Artilces

How to scrape a Shopify store into Google Sheets

In this article, we’ll review the possibilities and limitations of scraping Shopify and other eCommerce stores with the Google Sheets functionality. Also, we’ll look at an alternative solution allowing you to get complete product data for your specific business task.

Using Google Sheets IMPORTXML formula

A little bit of theory about the IMPORTXML function from the Google Help Center: “IMPORTXML imports data from any of various structured data types including XML, HTML, CSV, TSV, and RSS and ATOM XML feeds.” Sample usage:

IMPORTXML("https://en.wikipedia.org/wiki/Moon_landing", "//a/@href")

IMPORTXML(A2,B2)

The IMPORTXML formula is formatted with two arguments:

  • URL of the webpage you intend to extract data from.
  • XPath of the element in which the data is contained.

XPath stands for XML Path Language and can be used to navigate through elements and attributes in an XML document.
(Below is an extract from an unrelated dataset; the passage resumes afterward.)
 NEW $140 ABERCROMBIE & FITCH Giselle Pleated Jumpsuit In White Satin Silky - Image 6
Further in the article we’ll show you how to identify the XPath of the page element (product name, price, description, etc.)

Now we’ll show you how to apply this formula in practice to extract product details from a Shopify store.
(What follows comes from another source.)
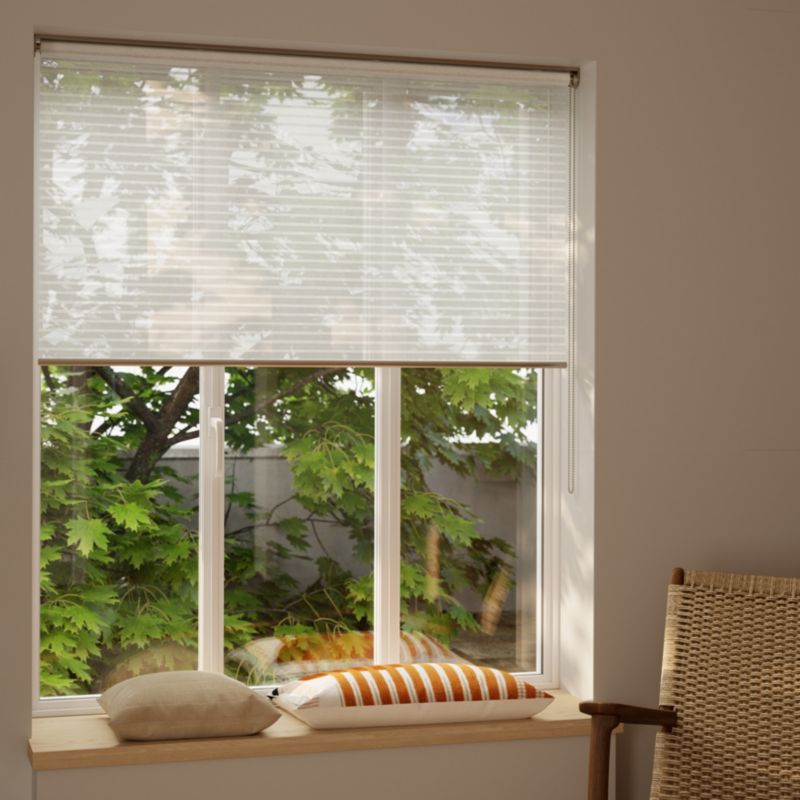 GoodHome Asthall stribet rullegardin 117,3 x 160 cm hvid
Steps to scrape a Shopify store to Google Sheets

Here is a product page we’ll try to scrape:

Shopify Store to be Scraped to Google Sheets

Let’s begin with retrieving product title:

  1. Create a Google Sheet.
  2. Add a column name and paste the URL.
  3. Copy the Shopify Store URL to a Google Sheet

  4. Get XPath for the product title. For that, select the title, right click to bring up the menu and click “Inspect”:
  5. Select the Shopify product title extraction and in the context menu click “Inspect”

    In the Chrome dev tool, you’ll see the highlighted text with tags. Right click here and in the menu press Copy > Copy XPath:

    Copy XPath to clipboard

    Paste it to the corresponding cell:

    Copy title XPath to Google Sheets

  6. Apply the formula =IMPORTXML (URL, XPath_query) and press Enter.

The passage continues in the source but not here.